What I was wrong about
I thought the audit would cannibalize the retainer. That clients would buy the audit, implement it themselves, and never engage deeper. That turned out to be backwards. The audit surfaces the problems that make retainers rational. Most businesses look at a 40-page analysis of their situation and realize, pretty clearly, what they don’t have the internal capacity to execute.
I also thought $197 was too low — that the market would expect more for “strategic work.” That was agency-brain. Agency pricing is based on what clients of agencies will tolerate after going through their sales process. Solo practitioner pricing should be based on what converts at the audit-level. $197 converts. Higher prices did not.
The mental model
The old funnel was: sell trust, then deliver work. You do marketing and sales to convince someone they should pay a thousand dollars a month; then you actually earn it, month by month.
The new funnel is: deliver work, then sell trust. You put $197 of real analysis in someone’s inbox; then you’ve already earned the right to have the conversation about what happens next.
The second one is easier. It uses the skill I actually have — analyzing local businesses — instead of the skill I don’t — selling to strangers over video calls. For a solo practitioner, that matters enormously. Every hour you spend on sales is an hour you’re not spending on the work that clients are paying for.
What this looks like in practice
I shifted the website to match. Homepage CTA is the audit, not the retainer. Pricing page leads with the audit, then tiers into retainers and strategy. Every tool, checklist, and blog post ends with a link to the audit — not to a contact form.

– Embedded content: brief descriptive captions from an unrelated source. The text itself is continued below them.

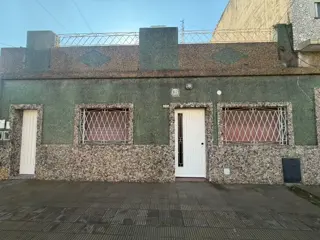 A498 Alquiler V. Luzuriaga Casa 3 Amb. sobre Miguel Cane al 1900 foto 5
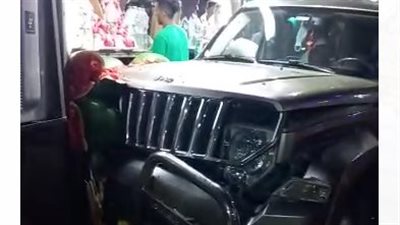 إصابة شخص في تصادم سيارتين بمحل فاكهة بشارع المنيل بالقاهرة | فيديو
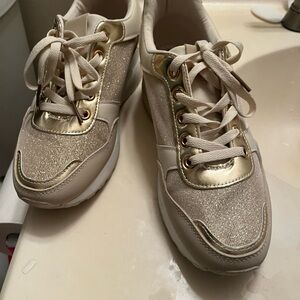 Elegant Cream and Gold Women's Sneakers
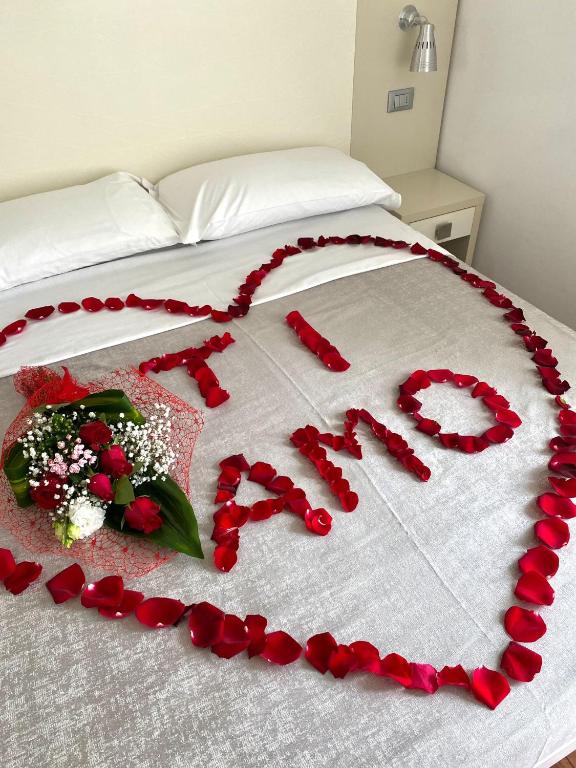 Postel nebo postele na pokoji v ubytování Hotel Saint Louis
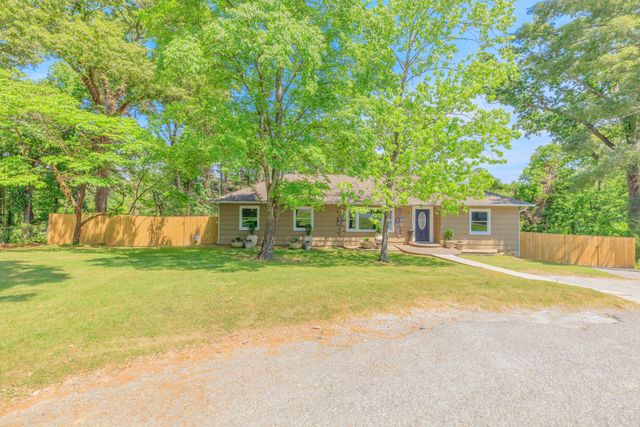 3525 Van Winkle Circle, Chattanooga, TN 37415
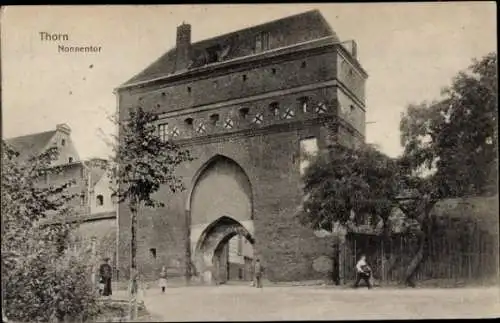 Ak Toruń Thorn Westpreußen, Nonnentor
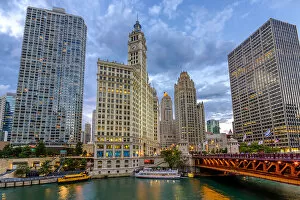 Cityscapes Prints Gallery: Chicago River and Michigan Avenue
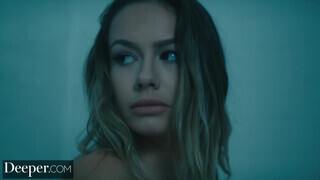 Deeper - Naomi Swann a perverz kicsike szuka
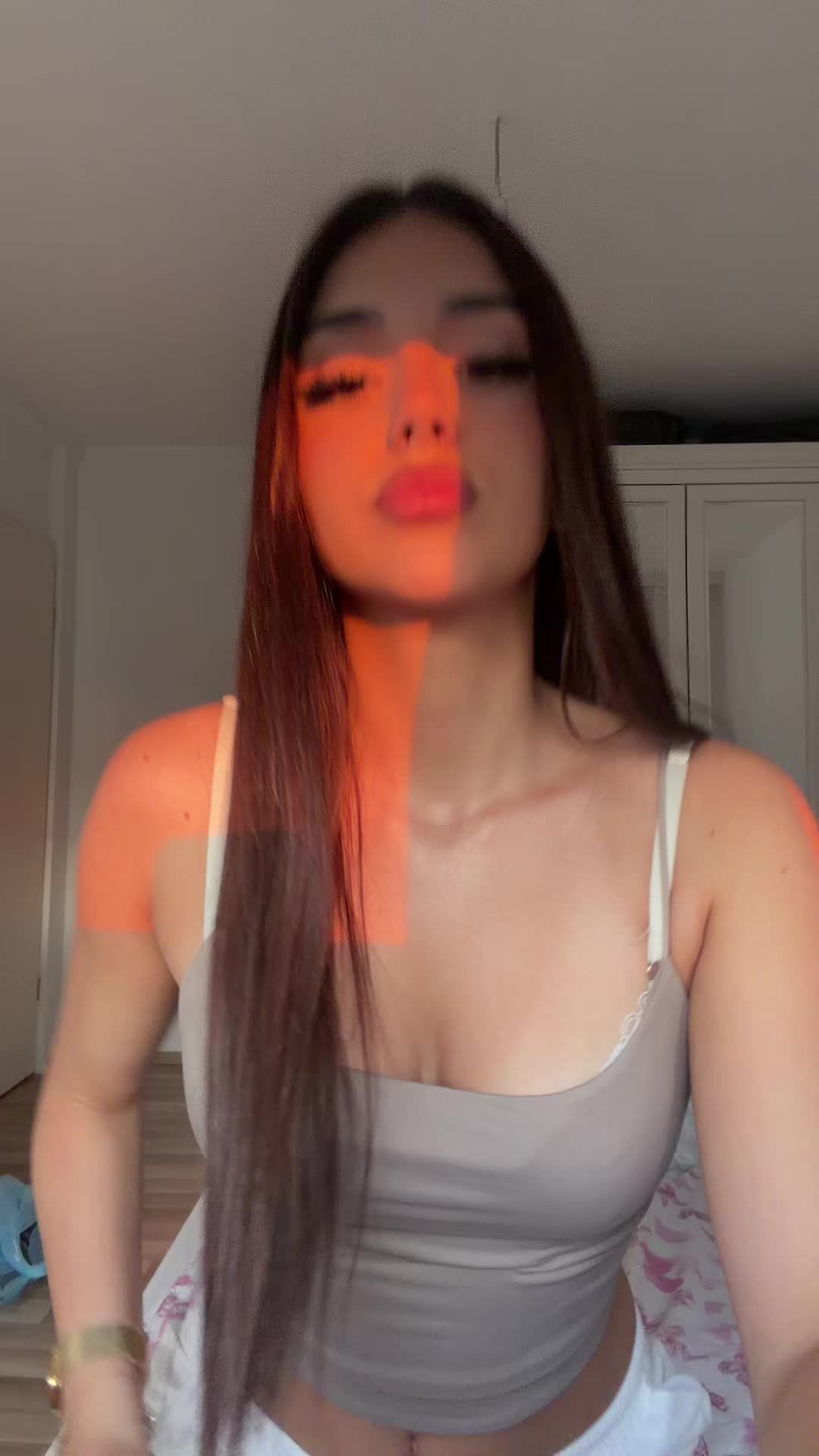 @🦅
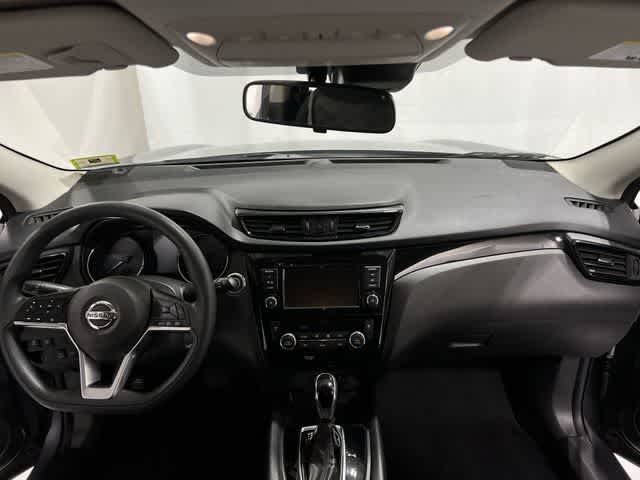 Thumbnail: 2020 Nissan Rogue Sport - 20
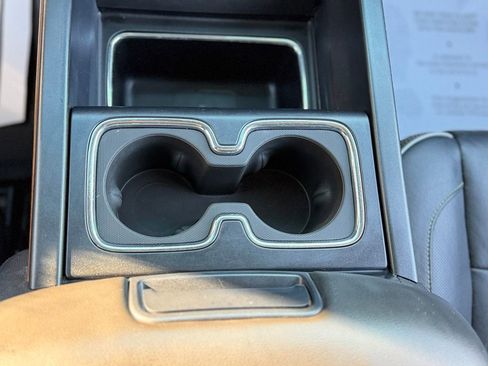 Used 2018 Chevrolet Silverado 1500 High Country image 21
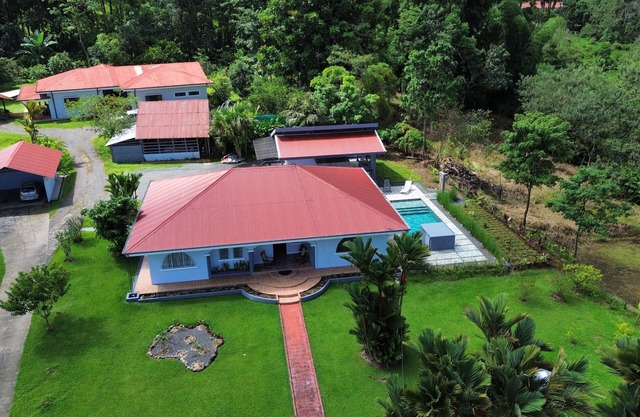 Relax in Paradise, Stunning 4-Bedroom Home with Pool, Yard, WiFi & AC in Venecia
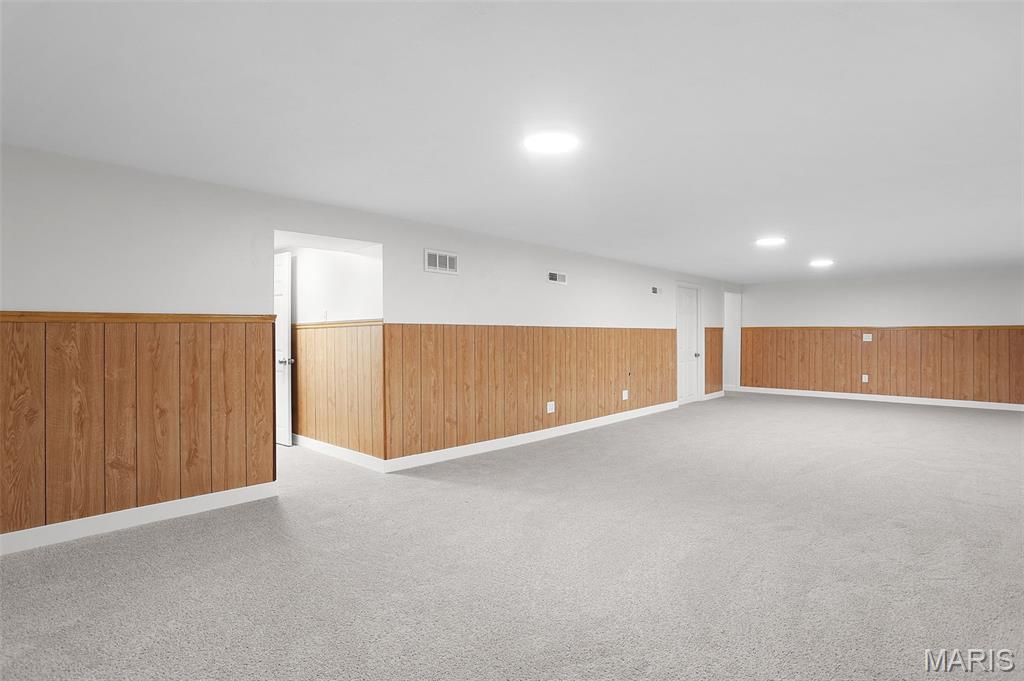 Woodcliff Manor - Residential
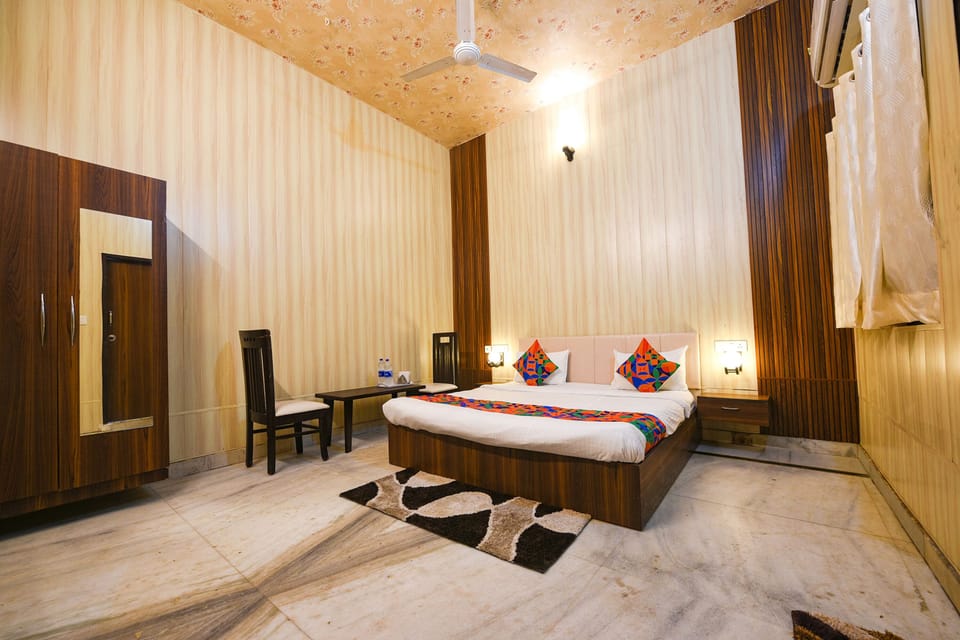 Deluxe Room | Egyptian cotton sheets, premium bedding, in-room safe, free WiFi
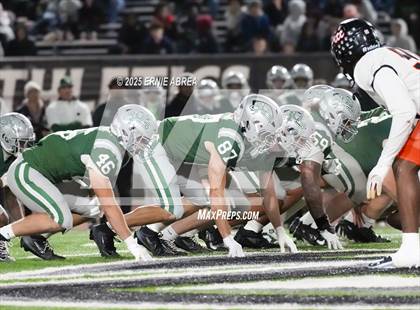 Thumbnail 3 in De La Salle vs. Pittsburg (CIF NCS Open Final) photogallery.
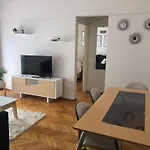 Apartamento Amoblado De 2 Ambientes Completo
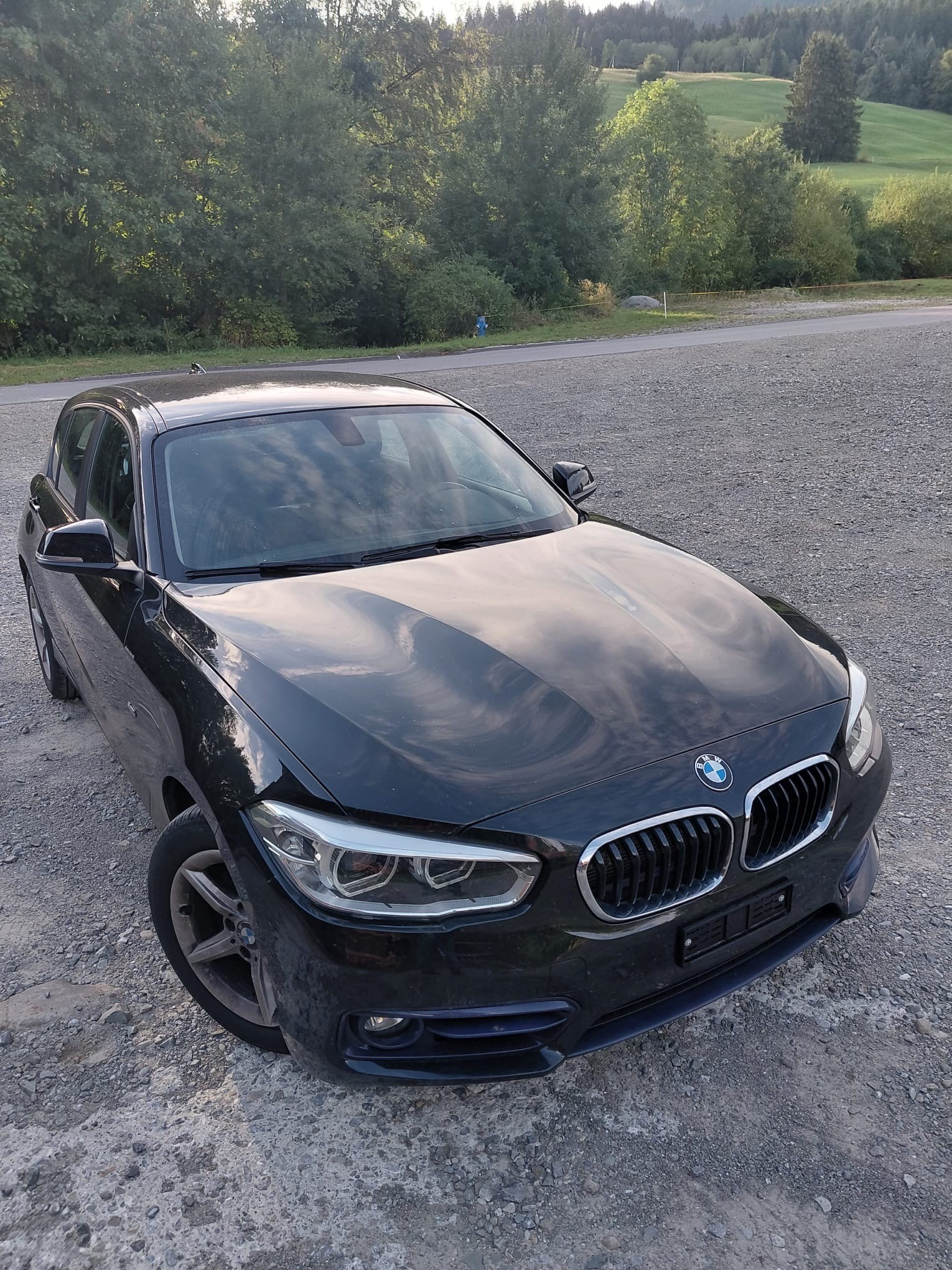 BMW 118i — slika 1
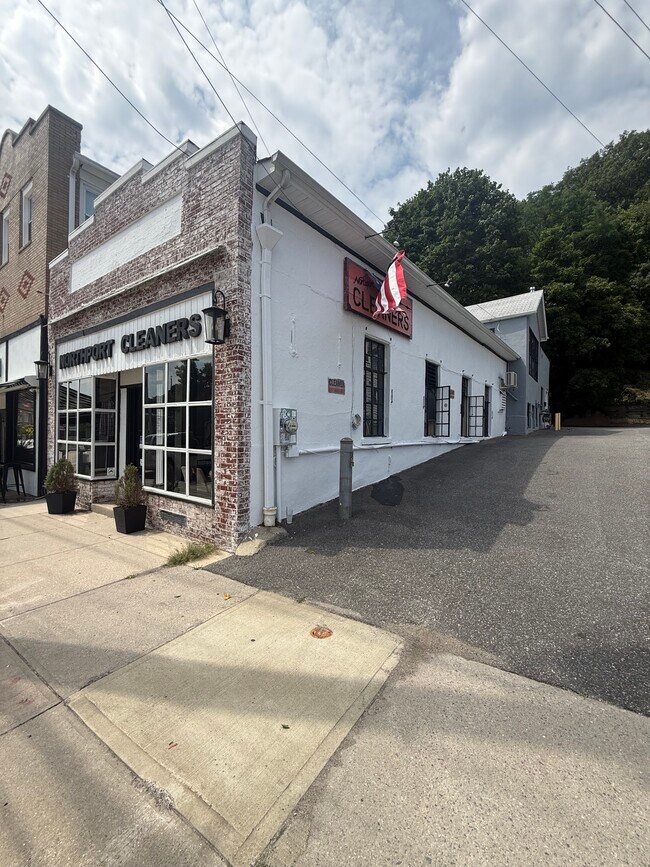 Plus de détails pour 251 Main St, Northport, NY - Commerce de détail à vendre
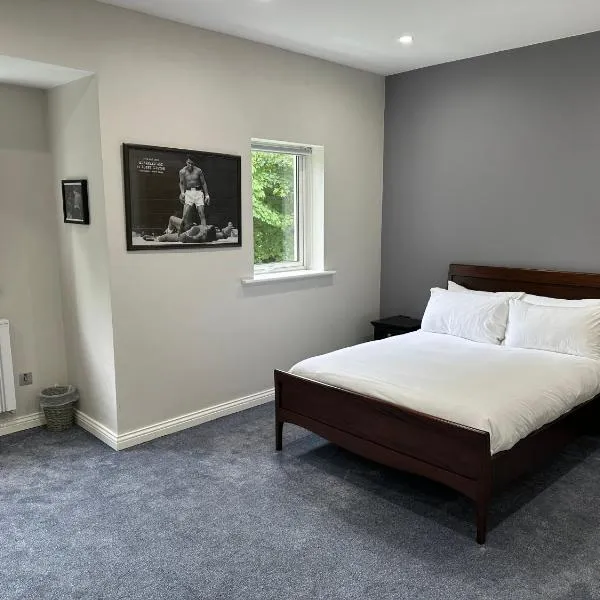 Modern 3 Bedroom Townhouse close to Galway City Centre & Salthill, hotel v destinaci Galway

The net: I do more audits, write the retainer pitch less often, and the retainer clients who come through the audit funnel stick longer and produce better work. The model compounds.
If you’re running a similar solo practice and you’re grinding on retainer conversion, consider the inversion. Your next $197 client might be your best retainer client eighteen months from now. You won’t know which one. That’s part of why it works.